Les Bleitrach attestés dans ces villes participaient probablement, comme la majorité des Juifs de Pologne congressiste, à l'économie artisanale et commerciale — tailleurs, tisserands, colporteurs, petits négociants — qui fournissait à la ville textile de Łódź sa main-d'œuvre et ses intermédiaires. La langue quotidienne y demeurait le yiddish, l'hébreu celle du culte, le polonais et le russe celles de l'administration. Cette superposition linguistique explique à la fois la plasticité graphique du nom et la fluidité identitaire dans laquelle vécurent ces générations jusqu'aux bouleversements du XXe siècle.
Cette participation à l'économie urbaine polonaise mérite qu'on s'y arrête : elle n'est pas simplement une donnée socioéconomique. L'action économique des Juifs de Pologne congressiste s'inscrivait dans une vision très ancienne du commerce comme tsedaka potentielle — la transaction juste, l'échange honnête qui nourrit la famille et permet la charité. La tsedaka, que l'on traduit souvent par « charité » mais dont la racine hébraïque tsedek signifie d'abord « justice », n'est pas un geste facultatif dans la tradition juive : c'est une obligation légale découlant de la halakha. Le petit négociant de Łódź qui pesait juste, le tailleur de Varsovie qui honorait sa parole envers le client comme envers le fournisseur, accomplirent dans la banalité du quotidien un commandement — mitsvah — aussi contraignant que le repos du Chabbat. Rien ne permet de certifier que les ancêtres Bleitrach se distinguèrent en cela de leurs contemporains ; mais les situer dans ce tissu moral est nécessaire pour comprendre de quel humus naît, deux générations plus tard, la préoccupation de justice sociale qui marquera l'œuvre de Danielle Bleitrach.
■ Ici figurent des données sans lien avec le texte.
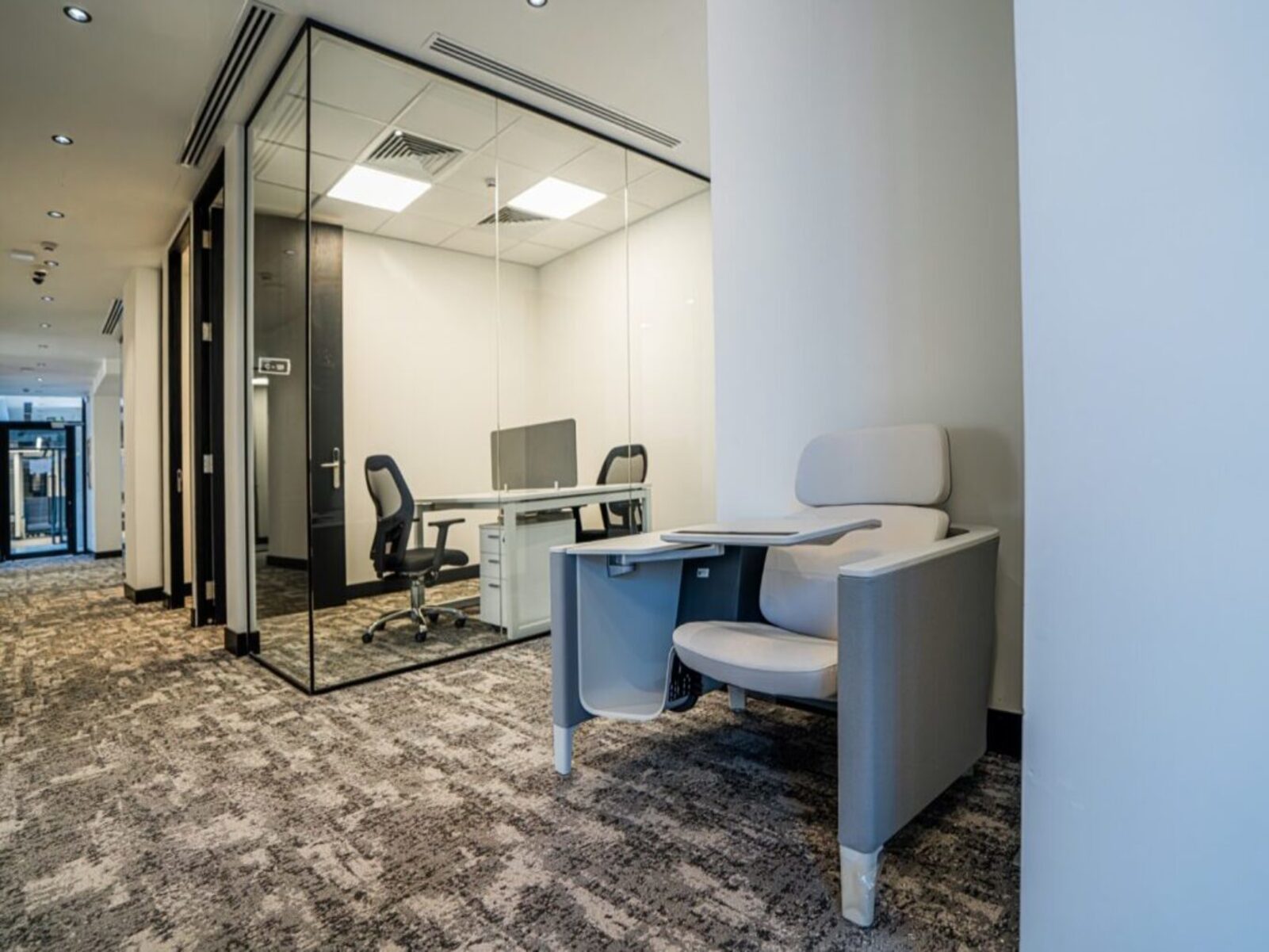 B Workspace Solutions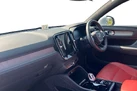 2021-volvo-xc40-15-t4-inscription-208bhp-small-1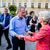 Ursula von der Leyen (CDU), Präsidentin der Europäischen Kommission, und Donald Tusk, Ministerpräsident von Polen, verlassen nach einem Pressestatement das Rathaus von Breslau. - Foto: Christoph Soeder/dpa-ENR-Pool/dpa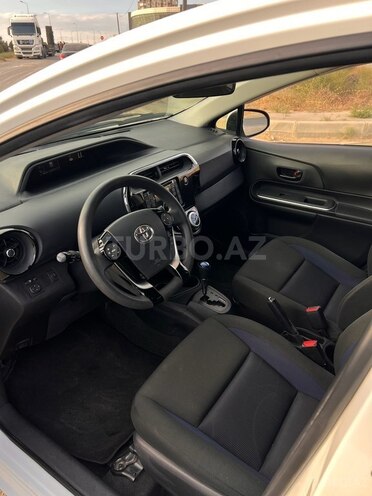 Toyota Aqua 2019, 155,000 km - 1.5 l - Bakı
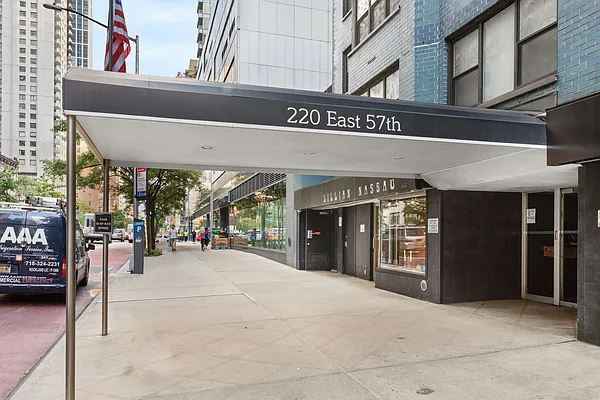 Rented by Compass | media 12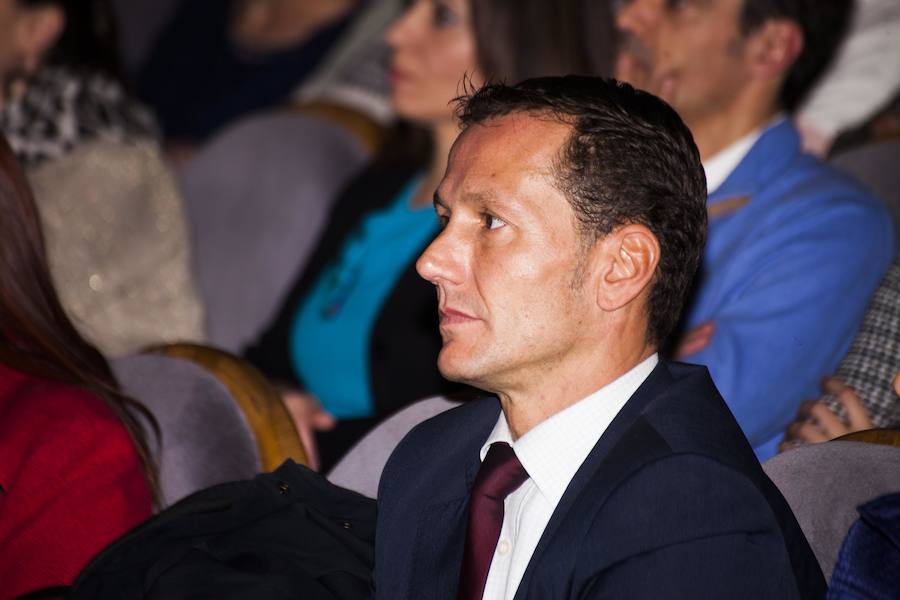 Emilio Calatayud ofreció ayer una conferencia en el Auditorio organizada por la Escuela de Padres de IDEAL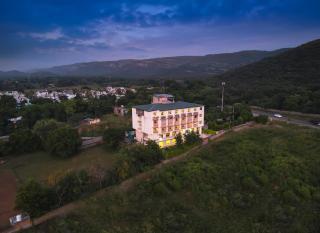 WelcomHeritage Mount Valley Resort Ranthambore - Sawāi Mādhopur - 4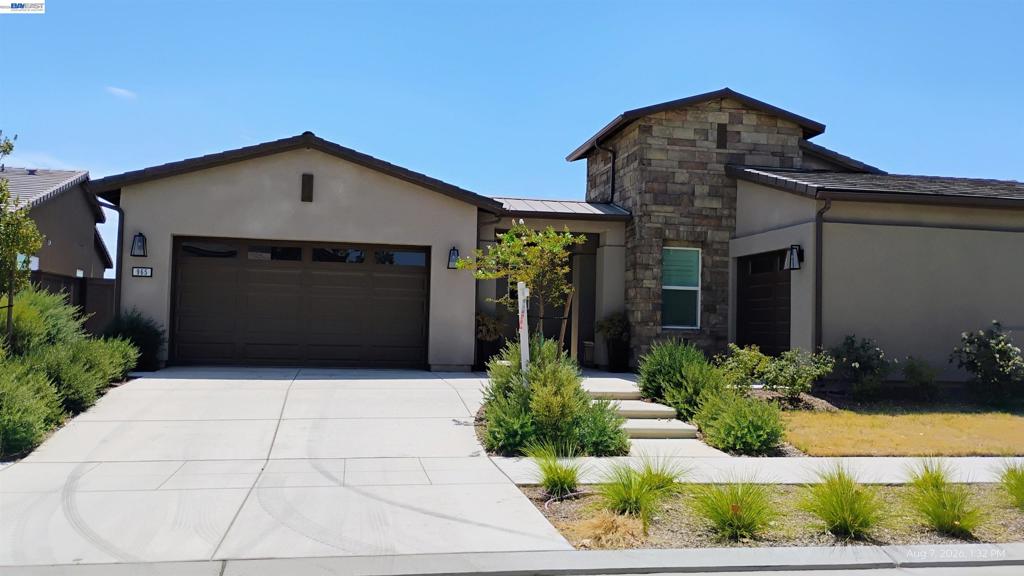965 Beaver Pond Loop, Madera, CA 93636 — photo 1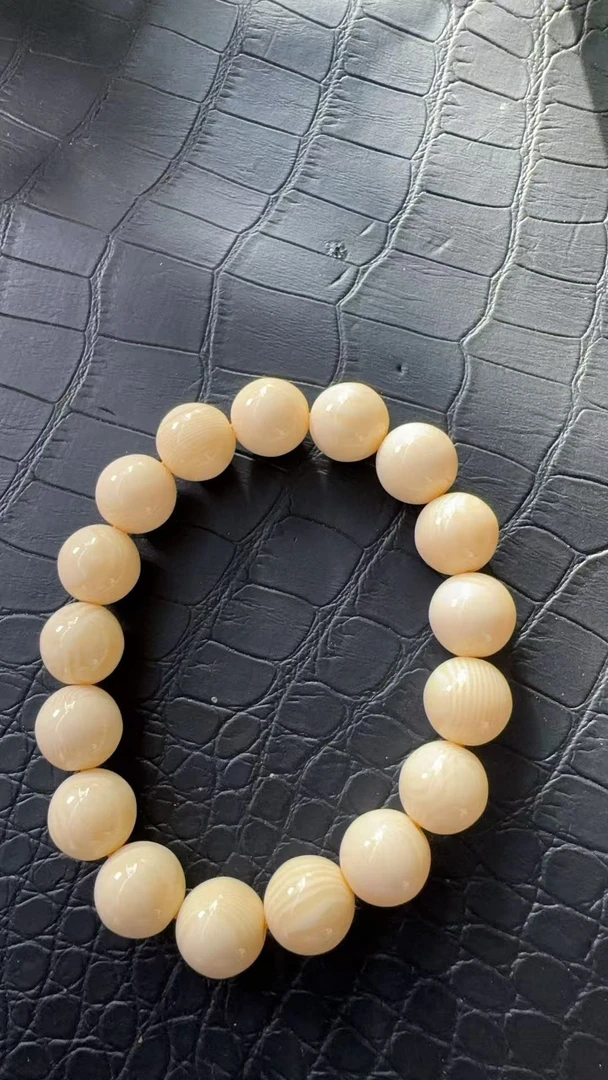 z04时尚百搭轻奢精美手串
La Pologne congressiste était également une société traversée par des tensions intellectuelles intenses. Les Juifs polonais du XIXe siècle vivaient sous la pression croisée de la Haskala — les Lumières juives venues de Berlin — et du hassidisme qui y opposait une piété mystique et communautaire tournée vers le tsaddik, le maître charismatique. Entre ces deux pôles se débattait la question de ce que signifiait être Juif dans un monde en transformation : faut-il s'intégrer à la culture polonaise, éduquer ses enfants en polonais, abandonner le caftan pour le redingote, ou bien maintenir la clôture communautaire comme rempart contre l'assimilation et la persécution ? Les Bleitrach de Varsovie ou de Łódź ne peuvent avoir échappé à ces tensions, même si aucune source ne nous livre leur position singulière dans ce débat. Leur émigration vers la France — acte d'une audace considérable pour des familles sans capital et sans réseaux établis — suggère une disposition à l'ouverture sur le monde qui ne caractérisait pas les milieux les plus fermés du judaïsme polonais traditionnel.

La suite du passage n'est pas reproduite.